# white ink sticks to teflon sheet



## jki540 (May 29, 2007)

Was wondering if anyone else experienced this problem. After I’m done printing with my DTG, I lay my shirt into the heat press and place a teflon sheet on top. The heat press is set at 335 degrees. The pressure is very light.

I dwell for 60 seconds (any longer and with higher temps and I get scorching). 

When I finish, I wait 10 seconds. Then, I pull the teflon sheet off. Whenever there’s white ink, the teflon sheet sticks to the print, and some of the ink comes off. It’s not a huge deal, but it’s kind of annoying, b/c the print will look sweet coming off the printer, then it gets less-then-perfect after heat pressing.

Here are the things I’ve tried:

Parchment paper instead of teflon (this is worst)
higher temp (causes scorching)
longer dwell (makes no difference)
pulling the teflon immediately after pressing makes it worse
I have a couple of theories that i'd like input on:
1. Does my teflon sheet need to be replaced (does this make ANY sense, or am i a moron?)
2. There's too much pre-treatment and it's causing stickiness?

Has anyone else ever had this problem? And if so, how'd you fix it?

Thanks everyone!


----------



## PinkFreud (Mar 8, 2007)

If you dont want problems use the paper that is recommended for "curing" the pretreatment....This is called quilon paper or butcher paper....it is used by resteraunts to wrap sandwiches etc
...you can order quilon paper online or get it from any of the D2G distributors...
teflon works but it makes the print look shiny and I guess if overused it will stick to the white which definately is not good


----------



## sunnydayz (Jun 22, 2007)

I have not had this problem. I can tell you what I am doing as far as curing. I put my temp at 325 and I do 60 seconds for each layer using silicone coated parchment paper and I have had no issues what so ever with this method.
hope this helps
Bobbie


----------



## jki540 (May 29, 2007)

hey guys...Thanks very much for your feedback. I've tried using parchment/butcher paper, but it still sticks. Is the parchment paper you're recommending, called: Reyold's Parchment Paper?

That's what i tried, but it didn't help.
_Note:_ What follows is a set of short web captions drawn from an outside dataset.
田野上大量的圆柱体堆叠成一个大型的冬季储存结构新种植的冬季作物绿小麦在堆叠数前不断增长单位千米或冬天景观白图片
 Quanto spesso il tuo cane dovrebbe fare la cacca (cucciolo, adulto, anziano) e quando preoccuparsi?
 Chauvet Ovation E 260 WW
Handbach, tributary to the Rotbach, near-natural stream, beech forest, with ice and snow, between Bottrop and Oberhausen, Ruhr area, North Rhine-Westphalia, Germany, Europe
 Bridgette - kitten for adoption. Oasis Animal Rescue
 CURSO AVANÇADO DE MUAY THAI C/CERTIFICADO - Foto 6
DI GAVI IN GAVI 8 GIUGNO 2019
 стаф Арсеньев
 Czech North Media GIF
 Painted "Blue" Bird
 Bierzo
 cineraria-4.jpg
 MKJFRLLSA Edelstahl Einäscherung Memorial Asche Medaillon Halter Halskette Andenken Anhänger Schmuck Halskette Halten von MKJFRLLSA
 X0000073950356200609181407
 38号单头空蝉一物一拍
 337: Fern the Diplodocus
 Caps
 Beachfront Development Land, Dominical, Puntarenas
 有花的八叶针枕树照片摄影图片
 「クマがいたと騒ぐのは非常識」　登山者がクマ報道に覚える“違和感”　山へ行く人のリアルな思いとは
I guess i could try it again.

Thanks again for your input.


----------



## PinkFreud (Mar 8, 2007)

parchmnet paper is not butcher paper...one is treated with silicone the other quilon.....never use parchment (silicon) paper on the pretreatemnt....oh I am sorry you are asking about the final cure paper and yes that would be parchment paper...parchment paper is a specific kind of paper treated with silicon...you can get it at Walmart in the aluminum foil section...I cant imagine that reynolds parchment paper would not work...try it again


----------



## howrdstern (May 7, 2007)

the butcher paper is sold at costco (big roll) real cheap in the restaurant section.


----------